Nets of local algebras are intricately linked to the geometry and representation theory of Lie groups. Critical features such as the existence of Euler elements, three-grading structure on the Lie algebra, and invariant cone fields (encoding causal structure) control whether standard nets (of real subspaces or operator algebras) can be constructed via second quantization from unitary representations. The classification and existence theory for nets on homogeneous and causal symmetric spaces follows from these representation-theoretic constraints (Neeb, 12 Nov 2025, Morinelli et al., 2023).

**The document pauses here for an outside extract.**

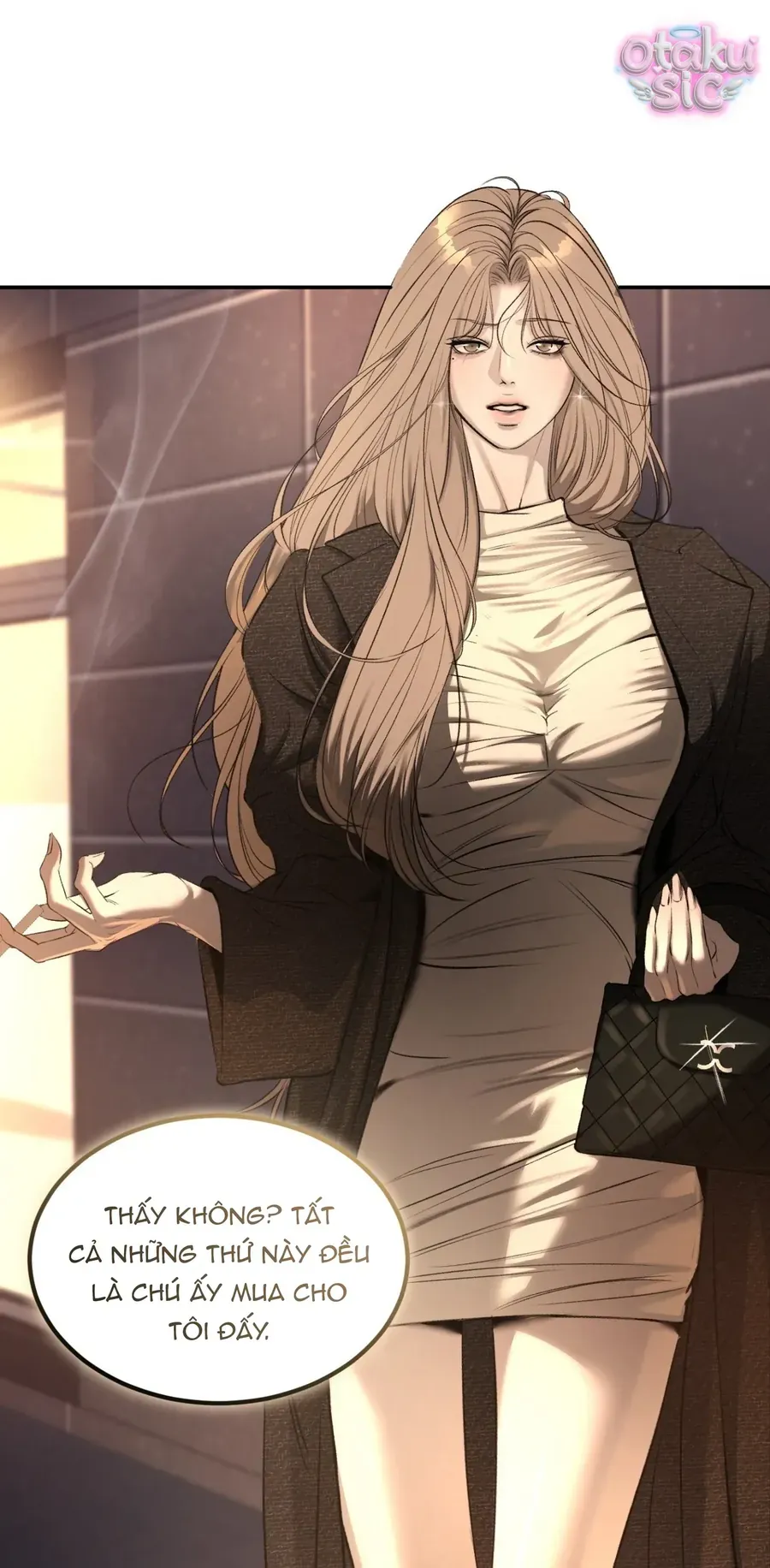 Kono Gomi O Nanto Yobu Chapter 19 - Trang 18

7. Summary Table: Net Structures and Features

Setting	Algebras	Index Set	Key Properties/Axioms
Minkowski AQFT (Haag–Kastler, etc.)	von Neumann/C $^*$	Causally complete opens	Isotony, locality, covariance, etc.
Lattice/topological boundary nets	finite C $^*$	Rectangles/intervals	Axioms LTO1–4, bulk-boundary channel
Categorical conformal nets	associative K-algebras	Intervals, diagrams	Isotony, locality, additivity
Second quant. of real subspaces	von Neumann	Regions in G/H	Standardness, symmetry, modularity
Generalized Q-system extensions	von Neumann	Regions	Infinite index, braided fusion

These nets provide the scaffolding for a deep interplay between algebraic, geometric, topological, and categorical aspects of quantum field theory, operator algebras, and condensed matter/quantum information theory.